Regarding the actual question: The original regex requires the value to start with a drive letter or UNC device name. It's quite possible that Firefox simply doesn't include that with the filename. Note also that, if you have any intention of being cross-platform, that regex would fail on any non-Windows system, regardless of browser, as they don't use drive letters or UNC paths. Your simplified regex ("accept anything, so long as it ends with .pdf") is about as good of a filename check as you're going to get.

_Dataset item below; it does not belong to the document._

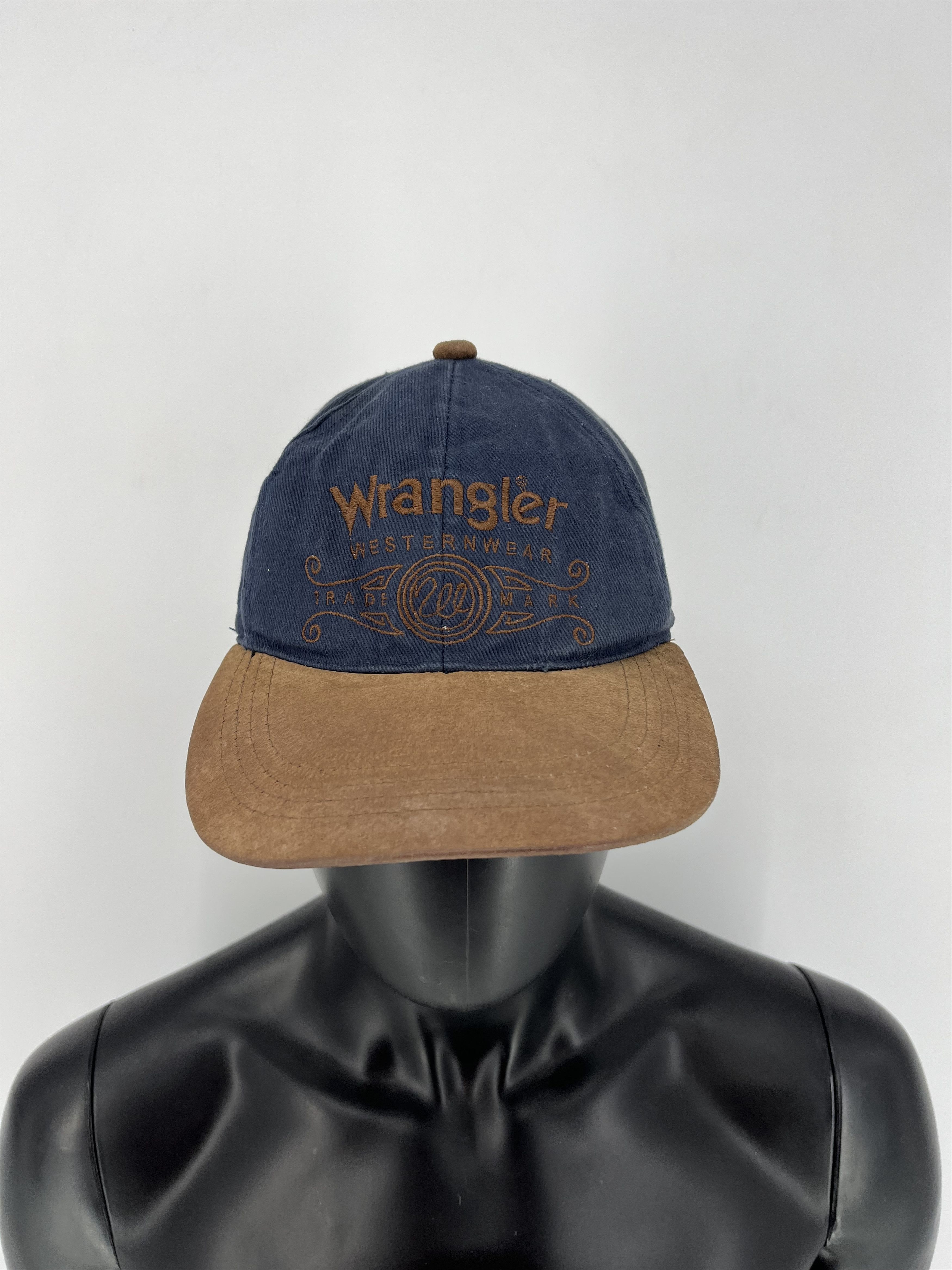 Vintage × Wrangler Vintage Wrangler Spellout Snapback Hat Streetwear Style Size ONE SIZE - 1 Thumbnail
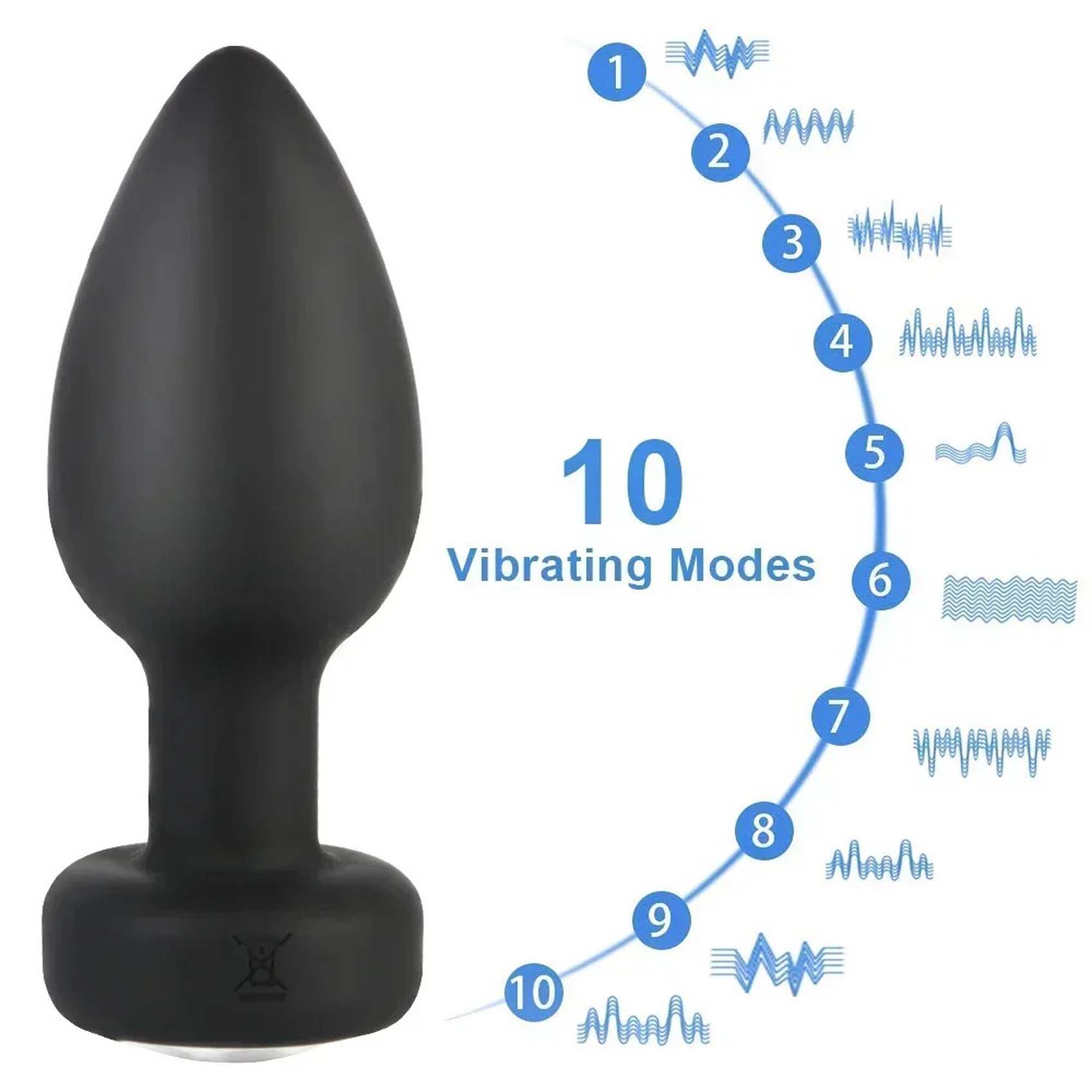 Smart Anal Plug Vibrator Wireless Remote Control Butt Plug Vibrating Male Prostate Massage Waterproof Rechargeable Silicone Adult Love Sex Toy for Men Women Couples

However, Jonathan's comment to the original question cannot be overemphasized. Never, ever, ever trust the filename as an adequate means of determining its contents. Or the MIME type, for that matter. The client software talking to your web server (which might not even be a browser) can lie to you about anything and you'll never know unless you verify it. In this case, that means feeding the received file into some code that understands the PDF format and having that code tell you whether it's a valid PDF or not. Checking the filename may help to prevent people from trying to submit obviously incorrect files, but it is not a sufficient test of the files that are received.
(I realize that you may know about the need for additional validation, but the next person who has a similar situation and finds your question may not.)
As far as I know firefox doesn't let you have the full path of an upload. Interpretation of regular expressions seems irrelevant in this case. I have yet to see any difference between modern browsers in regular expression execution.
If you're using javascript, not enclosing the regex with slashes causes error in Firefox.
Try doing var regex = /^(([a-zA-Z]:)|(\\{2}\w+)\$?)(\\(\w[\w].*))(.pdf)$/;
As Dave mentioned, Firefox does not give the path, only the file name. Also as he mentioned, it doesn't account for differences between operating systems. I think the best check you could do would be to check if the file name ends with PDF. Also, this doesn't ensure it's a valid PDF, just that the file name ends with PDF. Depending on your needs, you may want to verify that it's actually a PDF by checking the content.
I have not noticed a difference between browsers in regards to the pattern syntax. However, I have noticed a difference between C# and Javascript as C#'s implementation allows back references and Javascript's implementation does not.
I believe JavaScript REs are defined by the ECMA standard, and I doubt there are many differences between JS interpreters. I haven't found any, in my programs, or seen mentioned in an article.
Your message is actually a bit confusing, since you throw ASP stuff in there. I don't see how you conclude it is the browser's fault when you talk about server-side technology or generated code. Actually, we don't even know if you are talking about JS on the browser, validation of upload field (you can no longer do it, at least in a simple way, with FF3) or on the server side (neither FF nor Opera nor Safari upload the full path of the uploaded file. I am surprised to learn that Chrome does like IE...).